Segment Start: DATA EXTRACTS

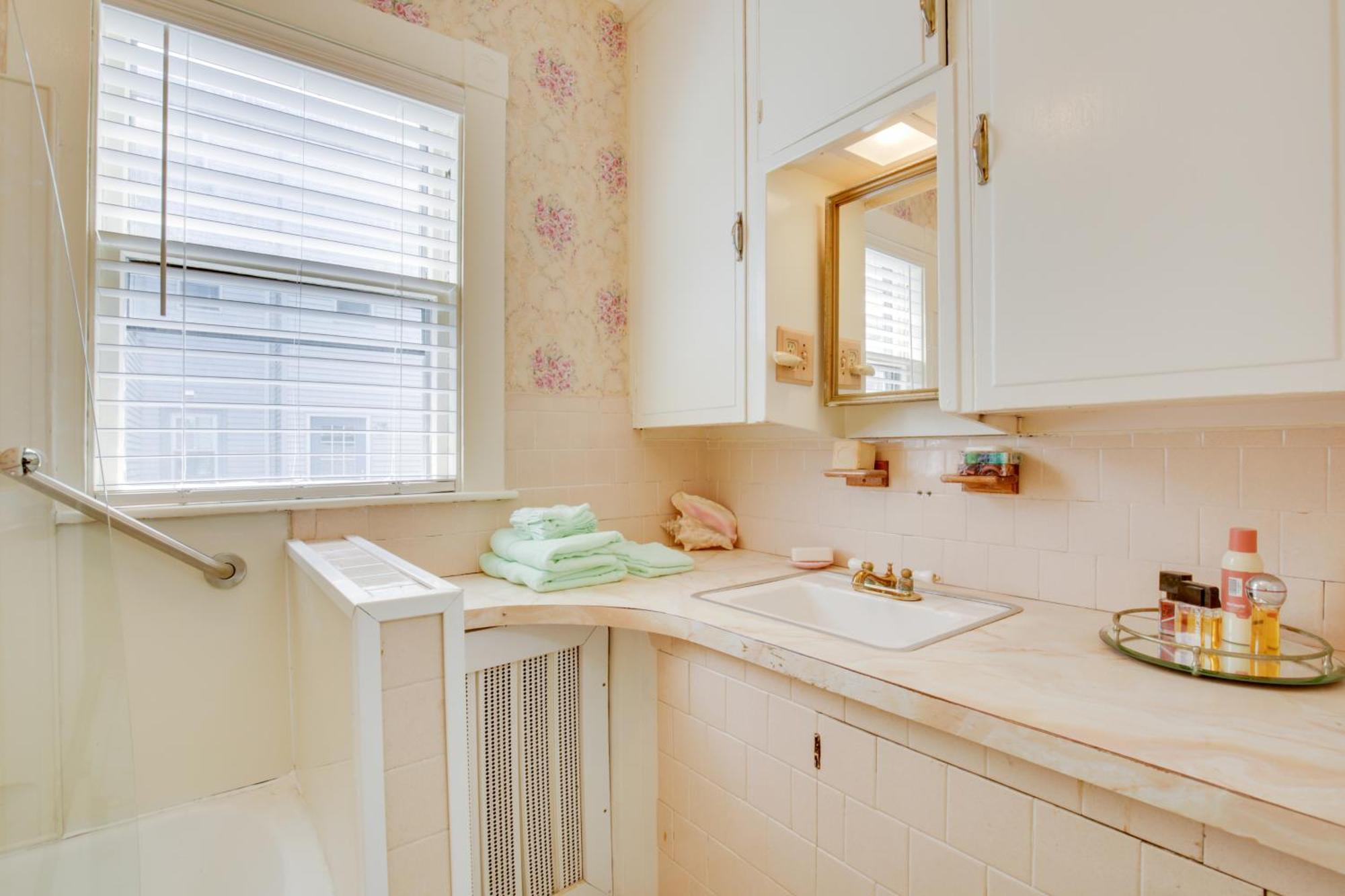 Quaint Beverly Townhome Walk To Beach And Downtown! Eksteriør billede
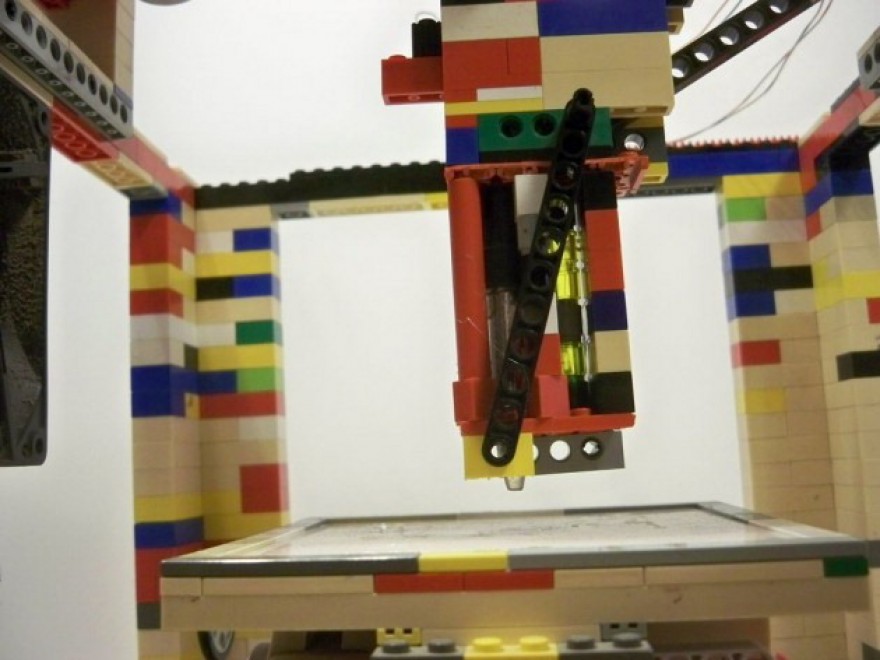 Una stampante 3D fatta di Lego
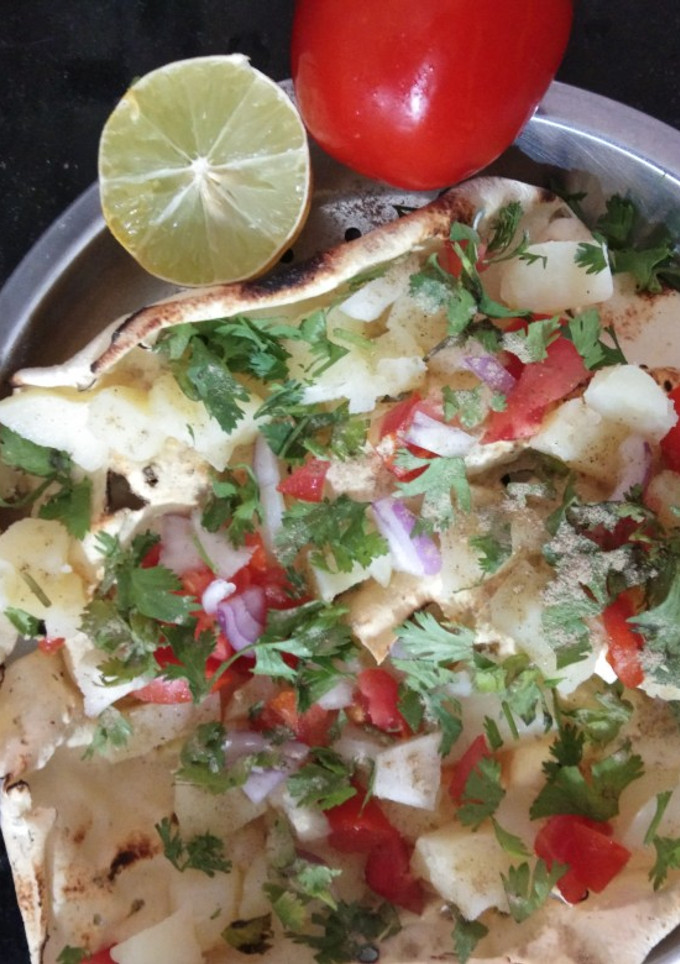 મસાલા પાપડ (Masala Papad Recipe In Gujarati) રેસીપી મુખ્ય ફોટો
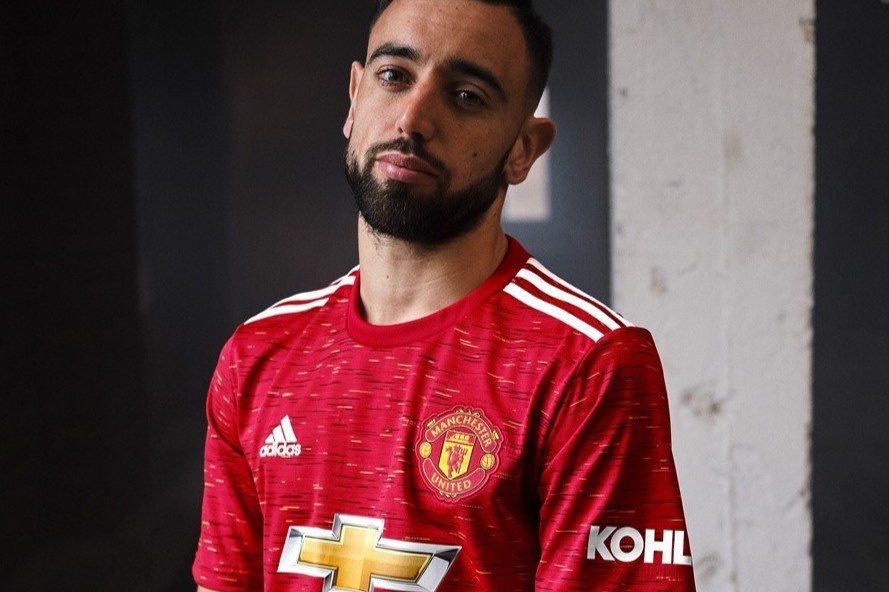 MU cong bo ao dau mua 2020/21 hinh anh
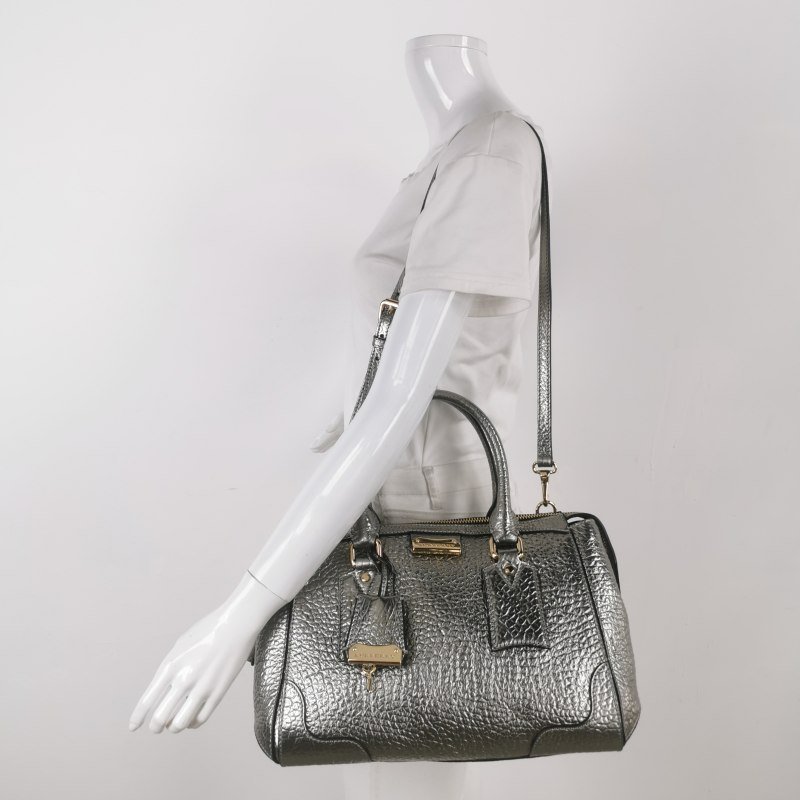 Burberry 牛皮純色字母Logo單肩包-1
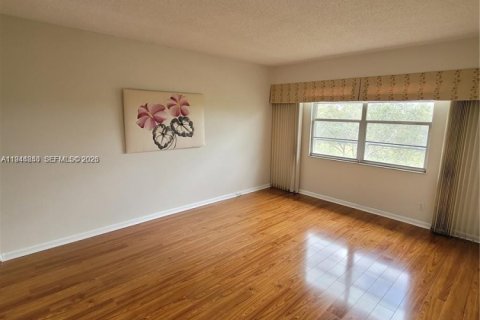 Купить кондоминиум в Пемброк-Пайнс, Флорида 2 спальни, 110.74м2, № 2001959 - фото 11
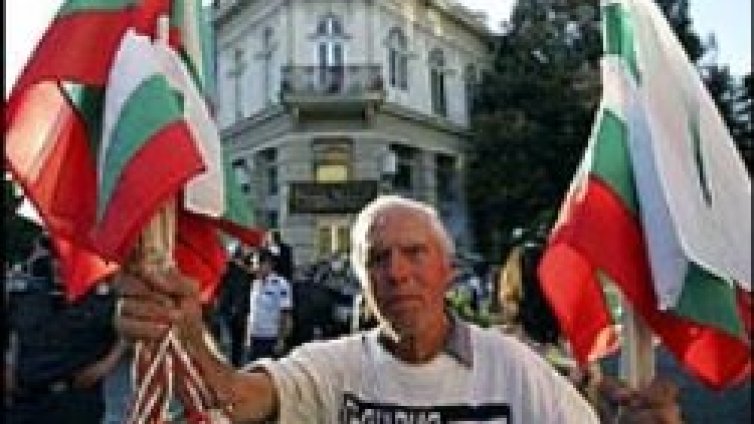 НДСВ - доволни от доклада на ЕК, Атака иска оставки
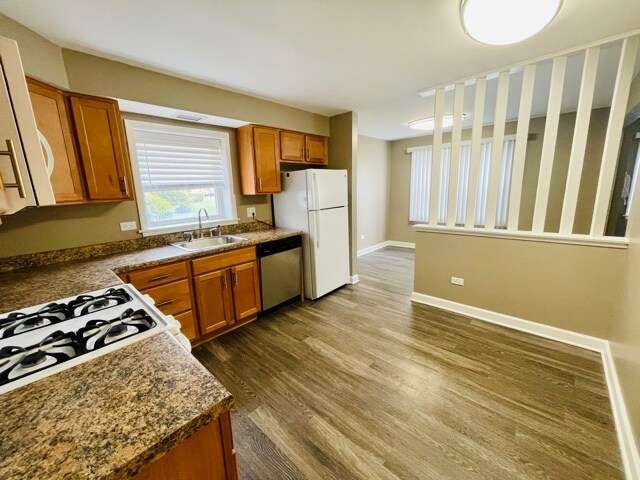 Building Photo - 730 Beau Ct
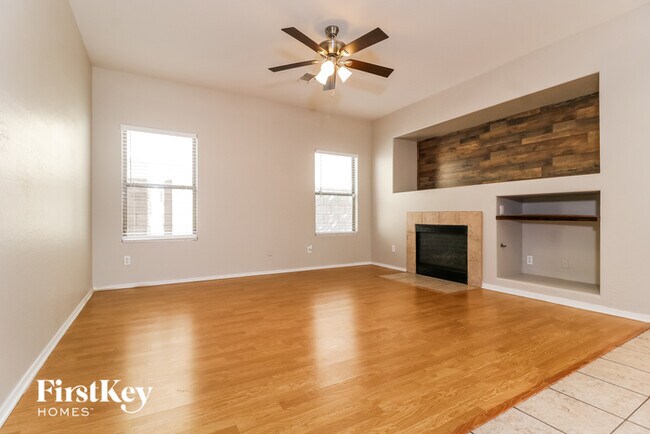 Foto del edificio - 12841 W Clarendon Ave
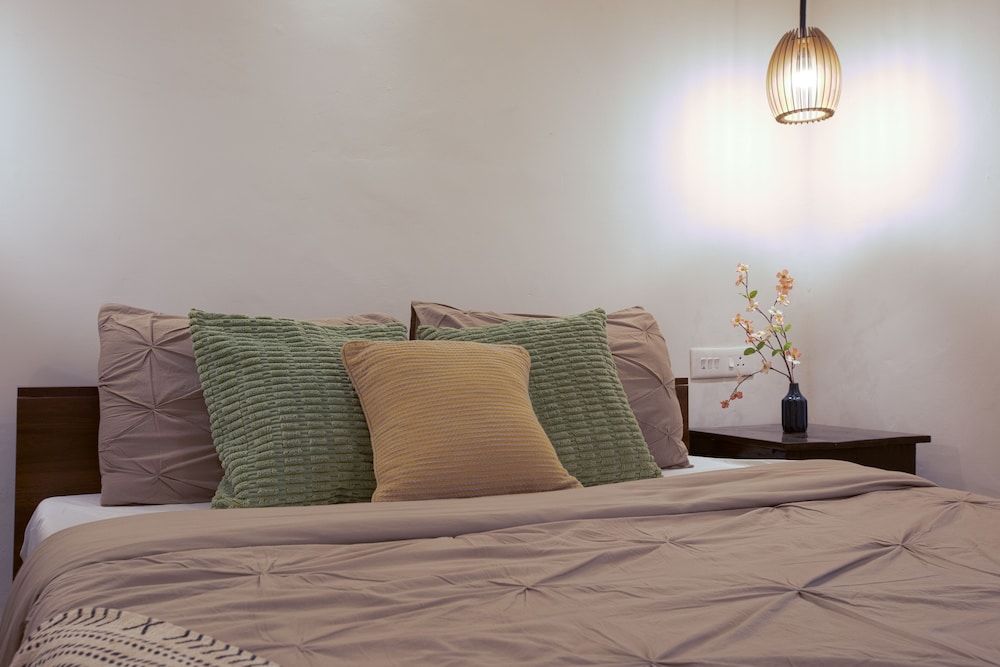 Woodpegger By The Beach 2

Segment End: DATA EXTRACTS

_DESCRIPTION OF THE TASK:_ Pictures are not part of the answer, which must be the exact lines from the one holding "MU cong bo ao dau mua 2020/21 hinh anh" through the end of the material, both ends included.

_ANSWER BOX:_
 MU cong bo ao dau mua 2020/21 hinh anh
 Burberry 牛皮純色字母Logo單肩包-1
 Купить кондоминиум в Пемброк-Пайнс, Флорида 2 спальни, 110.74м2, № 2001959 - фото 11
 НДСВ - доволни от доклада на ЕК, Атака иска оставки
 Building Photo - 730 Beau Ct
 Foto del edificio - 12841 W Clarendon Ave
 Woodpegger By The Beach 2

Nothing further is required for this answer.